▶ _SOURCE RECORDS_:

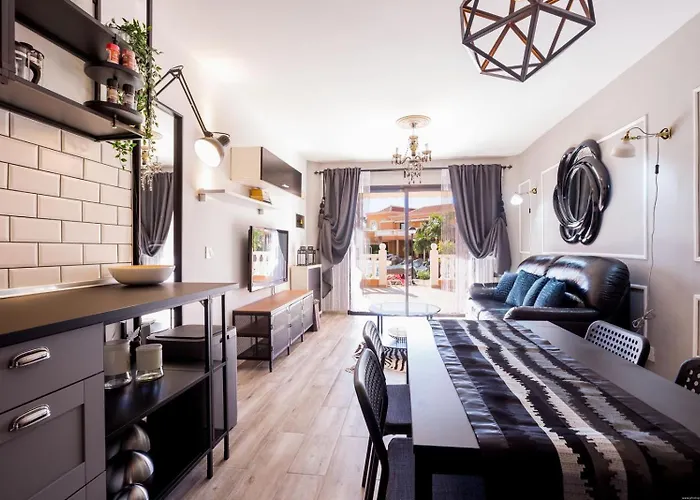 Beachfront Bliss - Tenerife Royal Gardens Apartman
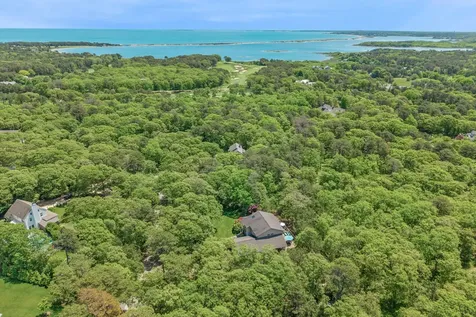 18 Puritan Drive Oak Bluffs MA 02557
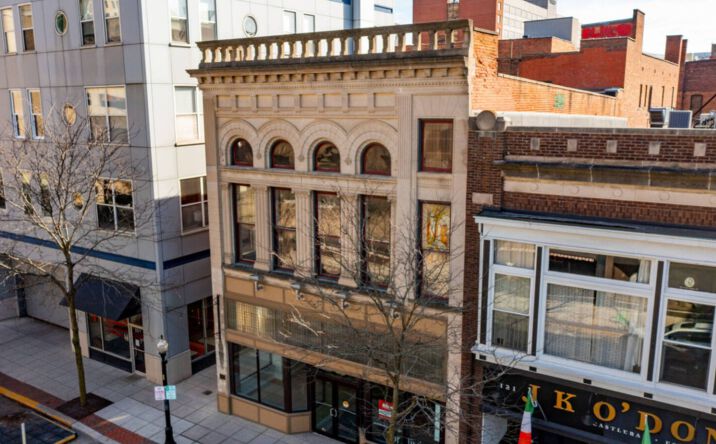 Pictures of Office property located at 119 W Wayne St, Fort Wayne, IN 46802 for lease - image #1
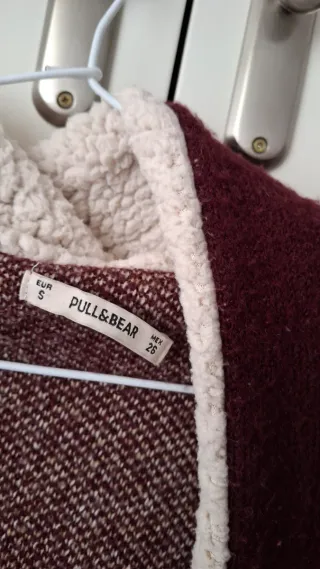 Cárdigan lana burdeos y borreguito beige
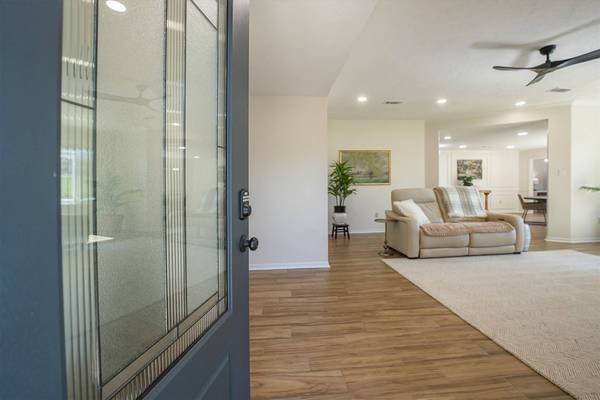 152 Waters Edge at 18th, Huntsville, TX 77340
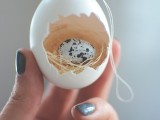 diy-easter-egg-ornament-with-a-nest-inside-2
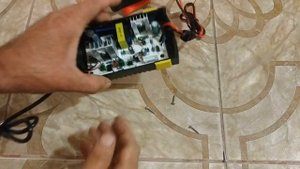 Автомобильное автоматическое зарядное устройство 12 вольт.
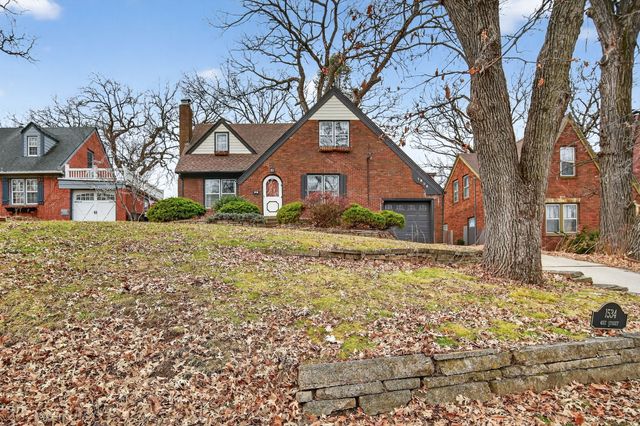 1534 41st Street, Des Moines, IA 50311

▶ _EXERCISE GOAL_:
Exact lines, nothing more: output the one with "Автомобильное автоматическое зарядное" and every later line through the end of the data, skipping pictures.

▶ _WRITTEN SOLUTION_:
 Автомобильное автоматическое зарядное устройство 12 вольт.
 1534 41st Street, Des Moines, IA 50311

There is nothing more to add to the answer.